Car n’avaient-ils pas raison avant tout le monde, ces journalistes, ces penseurs, ces militants de la première heure? Ceux qui ont alerté sur les dangers du nucléaire avant Tchernobyl et Fukushima? Ceux qui anticipaient la raréfaction des ressources fossiles? Des effets de la pollution? En 1984, année de la création des Verts, quatre textes viennent poser les bases idéologiques. Inspirés des philosophes Cornelius Castoriadis, de Jacques Ellul, du sociologue Alain Touraine ou du penseur Ivan Illich, ils pointent le productivisme comme la racine de tous les maux. Sa faute ? Promouvoir une croissance infinie sur une planète aux ressources limitées, et par là ravager l’écosystème dont l’homme fait partie.
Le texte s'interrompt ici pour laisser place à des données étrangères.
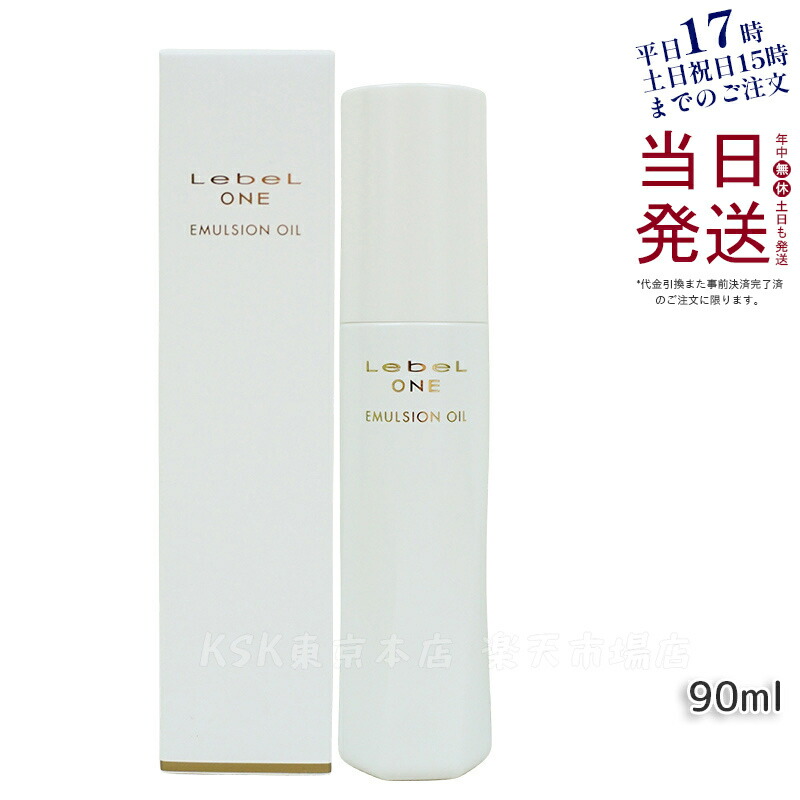 楽天市場】ルベル ワン エマルションオイル 90ml [LebeL ONE] 洗い流さ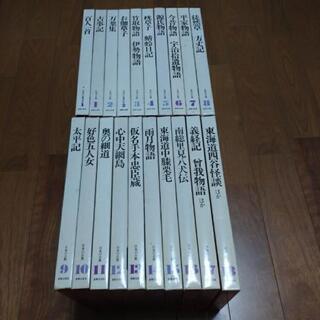 日本の古典 20冊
Arthur Nazaret relate aussi la tentation radicale en germe, exprimée par exemple par le professeur agrégé d’histoire géo Robert Fischer : « A la crise que nous vivons, on peut imaginer des remèdes réformistes. Ils auront autant d’effet qu’un couvercle sur une marmite en ébullition. »
Très tôt, rappelle aussi ce livre, le socialisme français s’intéresse à cette écologie naissante, même si elle a alors un faible potentiel électoral. Tel François Mitterrand qui dans une lettre inédite fait les yeux doux à René Dumont. Tel Michel Rocard ensuite, qui, interrogé avant sa mort par l’auteur, confie avoir utilisé des fonds spéciaux pour financer une mission du commandant Cousteau aux EtatsUnis, afin de convaincre les sénateurs américains de préserver l’Antarctique de l’exploitation minière. Ou plus tard encore, tel François Hollande bouclant à son domicile un accord avec la verte Cécile Duflot avant la présidentielle.
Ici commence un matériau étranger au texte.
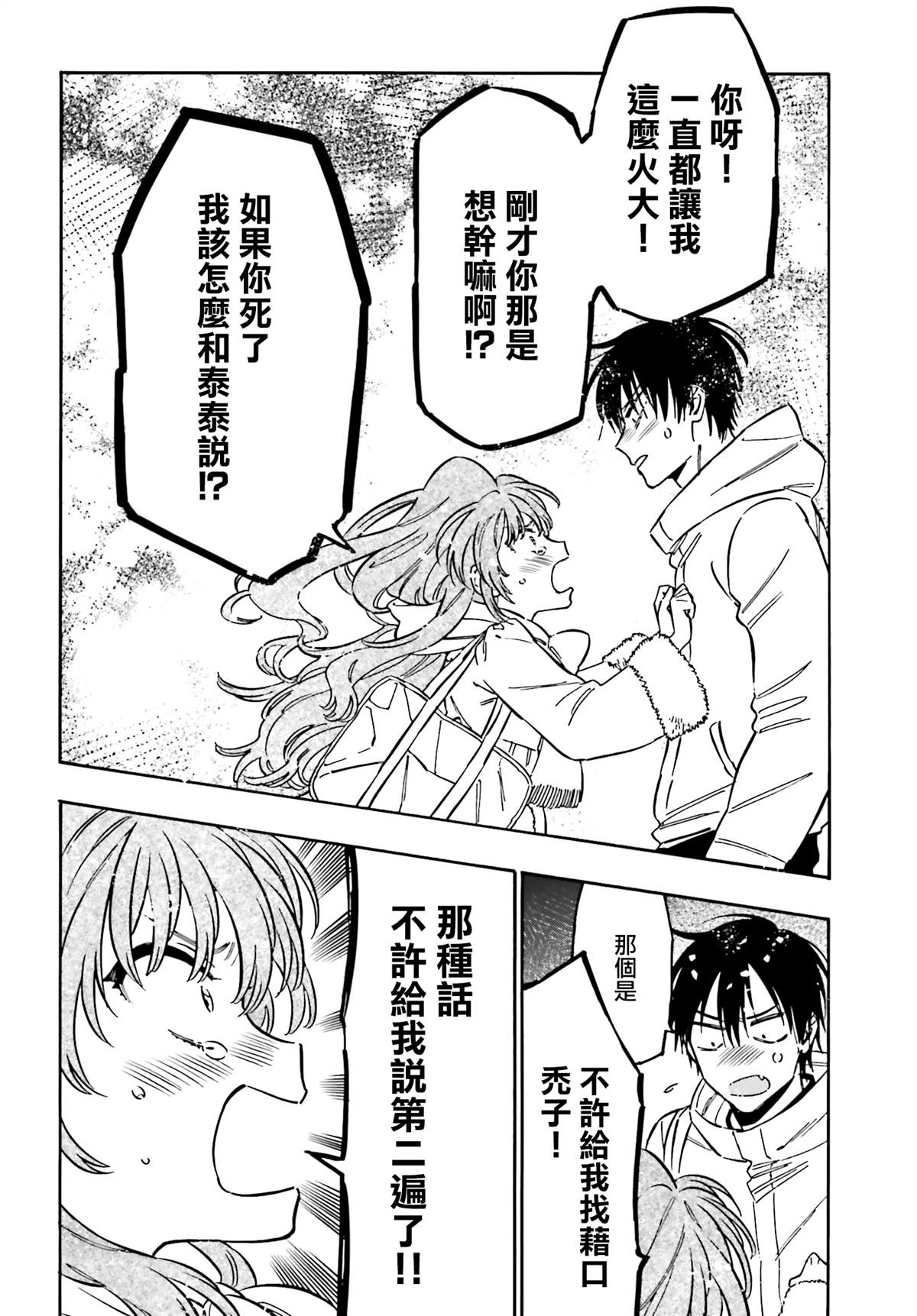 第121话 因为我喜欢你！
Et pourtant, malgré la progression de leurs idées dans les têtes, malgré quelques percées électorales (comme celle d’Europe Ecologie en 2009), malgré les figures populaires ou connues qui l’incarnent ou l’ont incarné (de Daniel Cohn-Bendit à Nicolas Hulot), les écologistes n’ont pas construit une mouvance électorale durable. A l’heure de la crise de la social-démocratie, elle n’apparaît pas comme une force structurée, susceptible de lui succéder. La faute à la culture protestataire et libertaire de ces militants écologistes, peu adaptée à l’exercice du pouvoir. Et aux petits calculs de la maison verte, eux aussi racontés avec précision dans ce livre. « Une histoire de l’écologie politique », par Arthur Nazaret, éd. La Tengo.